Which brings us to this week’s announcement on Indy Ref 2. It’s basically back to Section 30 and a referendum at some time, which we are going to prepare for, at some time, if we’re allowed. (Yes, we know what Angus Robertson said and we think you should ignore it as a very careful, plausible deniability curveball. You don’t honestly think he could come out with a statement like that, without it being planned?) The one interesting bit was that for the first time there was a hint that there might be a world beyond Section 30. Nicola Sturgeon referred to ‘forging ahead, if necessary, without a Section 30’. That’s heartening, but the flip side of that statement, is that we’re heading down that route again. And that is a route which Westminster absolutely, totally control.

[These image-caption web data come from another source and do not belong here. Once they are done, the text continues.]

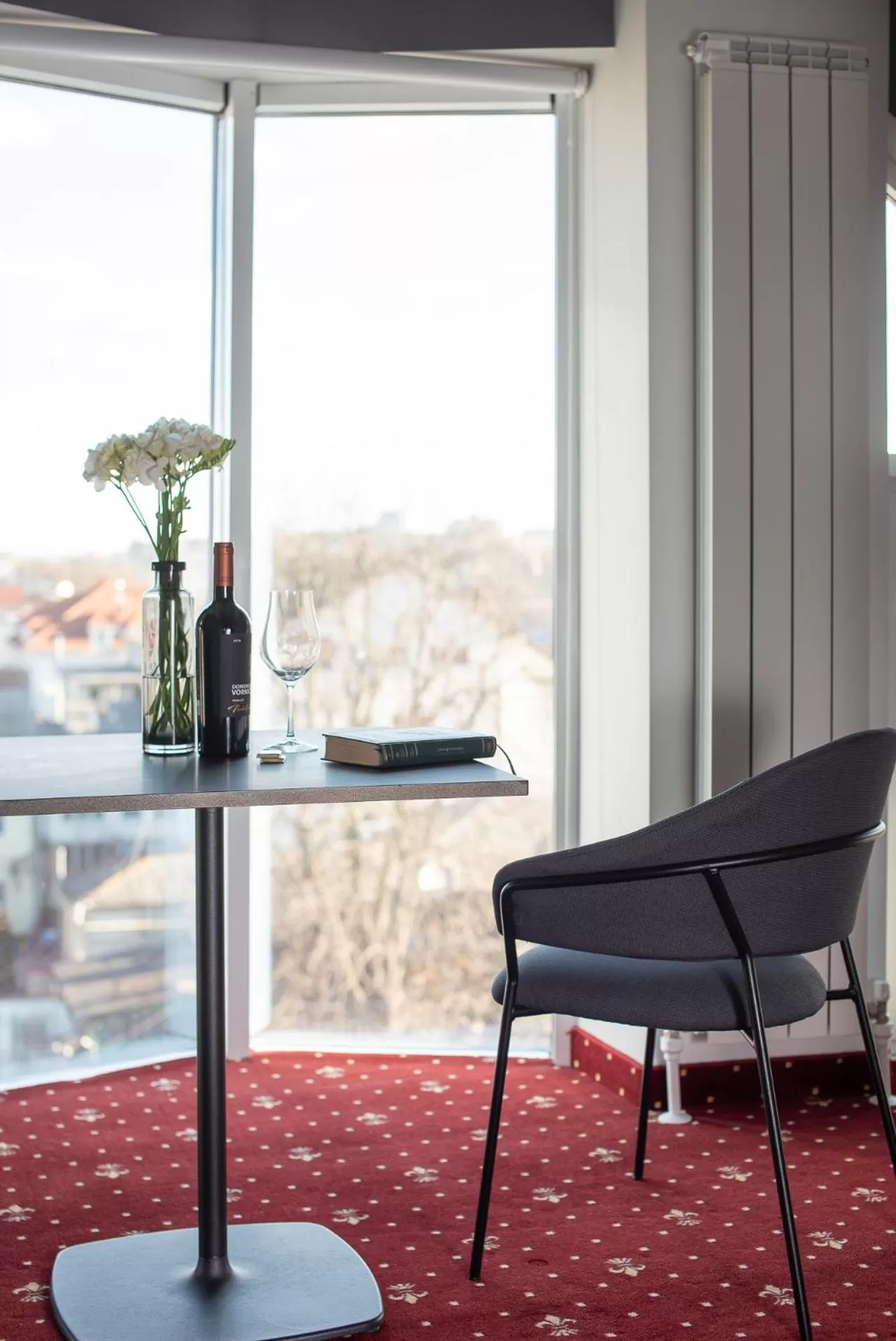 Seating area in Thomas Albert Hotel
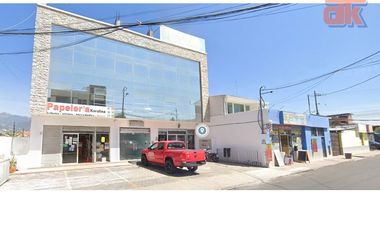 Gran Local de renta en Tumbaco 200m2 Frente a Santa Maria Tumbaco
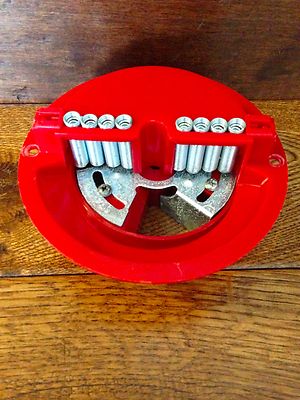 Eagle adjustable bulk candy vending machine wheel and brush 2 piece set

Let’s pause and lay this out a bit. There are currently three options that we could feasibly take right now. One is pursuing a Section 30 with a view to having a referendum. The second would be to declare the next Westminster election a plebiscite. And the final option would be to declare the 2026 Holyrood election a plebiscite. Let’s go through them.
If we go down the Section 30 route, we hand control to Westminster. Westminster can refuse a section 30. Or they can grant it, but only under certain conditions. How about a three question referendum? Or how about a two question referendum, but in six months time? Or they could refuse a section 30, watch the Scottish Government waste two years taking it through court and then offer one of these options as a compromise. Whatever they choose, it will not be our choice and it will not be in our favour. Section 30 as we are tired of saying, is a complete dead duck.
So, how about a 2024 plebiscite for Westminster? That initially might seem a reasonable option, except that the Fixed Terms Parliament Act has now been rendered redundant by the Tories in Westminster. With their majority they could call a snap election at any point they wanted and leave us trailing. And as we are also tired of pointing out, we haven’t prepared properly for either a referendum or a plebiscite. 2024 would be doable, but not 2023. We are too far behind in the polls.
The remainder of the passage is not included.